Ebenso wenig hatte die Beklagte diese Kosten im Zeitpunkt der Auszahlung vom 6.8.2003 gemäß § 3 Abs. 2 KostO durch Erklärung gegenüber dem Grundbuchamt übernommen. Dies hat sie auch im Nachhinein nicht getan, sondern in ihrem Löschungsantrag vom 26.4.2003 darum gebeten, die diesbezügliche Gebührenrechnung der Verkäuferin direkt zu übermitteln.
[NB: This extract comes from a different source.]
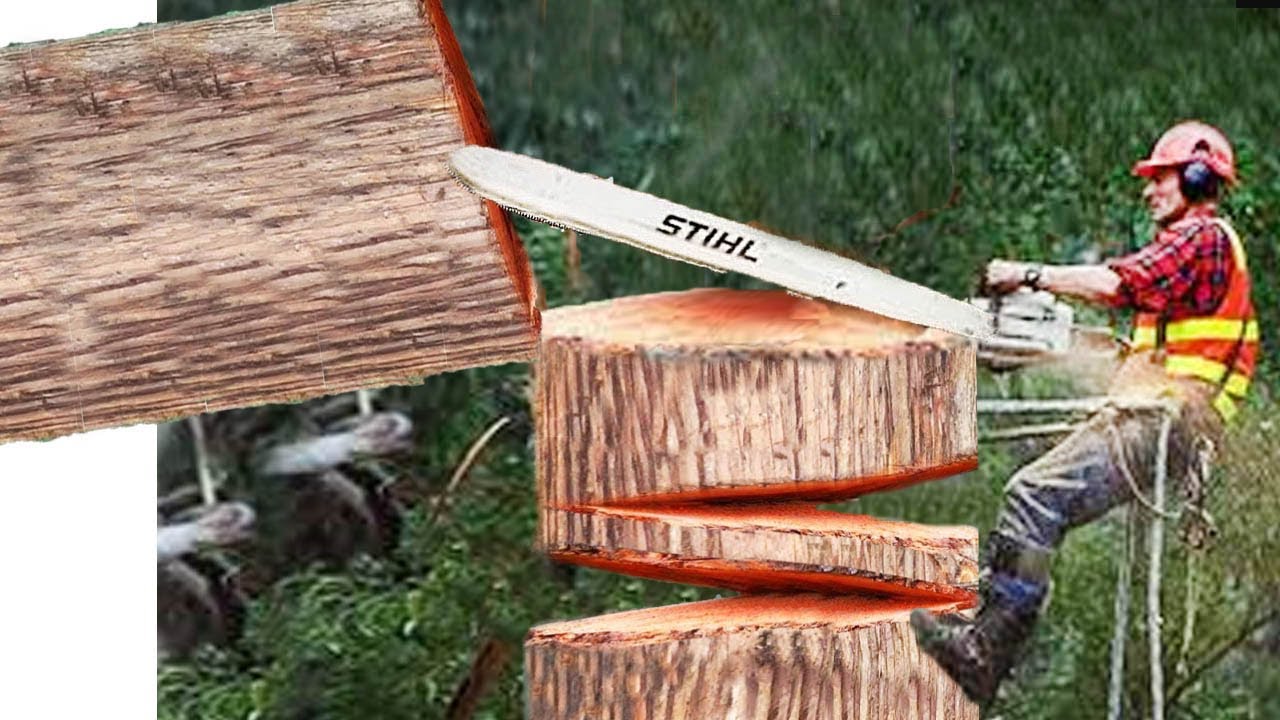 Amazing Epic Log Splitting Showdown: Conquer the Wood with Our Mighty Splitter! #woodworking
Die Beklagte konnte sich zwar gleichwohl darauf verlassen, vom Grundbuchamt benachrichtigt zu werden, bevor der Löschungsantrag mangels Einzahlung des Kostenvorschusses zurückgewiesen wird (vgl. BGH DNotZ 1969, 173, 176). Trotzdem durfte sie die erste Rangstelle für die Grundschuld der Klägerin nicht als gewährleistet ansehen. Dabei kann dahin stehen, ob es zur ordnungsgemäßen Erfüllung eines wie vorliegend formulierten Treuhandauftrages gehört, dass der Notar angeforderte Gerichtskosten erforderlichenfalls selbst einzahlt (so KG DNotZ 1991, 762; a. A. OLG Celle DNotZ 1994, 117). Jedenfalls ist die Eintragung in einer solchen Konstellation nur dann sicher gestellt, wenn der Notar bereit und in der Lage ist, den Kostenvorschuss notfalls vor Fristablauf selbst zu zahlen (vgl. KG a. a. O.). Eine solche Bereitschaft war aber bei der Beklagten unstreitig nicht vorhanden.

c.

Die Beklagte beruft sich zu Unrecht darauf, die Klägerin habe selbst für die Löschungskosten einstehen müssen. Zum einen kann der Treuhandauftrag vom 6.8.2005 nur so verstanden werden, dass die rangrichtige Eintragung der Grundschuld ohne Kosten für die Klägerin gewährleistet sein musste. Zum anderen war die Klägerin gegenüber dem Grundbuchamt nicht gemäß § 2 Ziffer 1 KostO Kostenschuldner. Im Namen der Klägerin wurde nur die Eintragung der Grundschuld zu ihren Gunsten beantragt. Die Löschung der bestehenden Grundpfandrechte ist gemäß § 6 des Kaufvertrages nur im Namen der Vertragsparteien beantragt worden und gegenüber dem Grundbuchamt auch erst mit dem Schreiben der Beklagten vom 26.4.2004.

2.

Der Beklagten ist Fahrlässigkeit anzulasten, auch wenn das Landgericht (gestützt auf Hertel in: Zugehör/Ganter/Hertel, Handbuch der Notarhaftung, Rn. 1771; s. a. ders. in: Würzburger Notarhandbuch, Teil 2 Rn. 725) die Eintragung trotz der offen stehenden Eintragungsgebühren als sichergestellt angesehen hat. Einerseits musste sich die Beklagte darüber im Klaren sein, dass die Löschung nur von ihrem pflichtgemäßen Verhalten und pflichtgemäßem Verhalten des Grundbuchamtes abhängen durfte und dass die Grundbucheintragung an eine Vorschusszahlung gekoppelt werden könnte, und andererseits ging sie gerade nicht von einer eigenen Zahlungspflicht aus und war nicht zum Ausgleich einer Vorschussforderung bereit.

3.

Auf das Fehlen einer anderweitigen Ersatzmöglichkeit kommt es gemäß § 19 Abs. 1 Satz 2 BNotO angesichts des vorliegenden Verstoßes gegen eine (selbständige) Betreuungspflicht nicht an.

4.

Der Zinsanspruch der Klägerin folgt aus §§ 291, 288 Abs. 1 Satz 2 BGB.

5.

Die Nebenentscheidungen beruhen auf § 91 Abs. 1, 708 Nr. 10, 711 ZPO. Die Zulassung der Revision ist gemäß § 543 Abs. 2 Nr. 1 ZPO wegen grundsätzlicher Bedeutung der Rechtssache geboten, weil sich die Vorschussproblematik bei der Abwicklung vieler notarieller Treuhandaufträge stellt und weil die hierzu zitierte obergerichtliche Rechtsprechung aus der Zeit vor der Änderung des § 8 Abs. 2 KostO durch das Registerverfahrensbeschleunigungsgesetz stammt.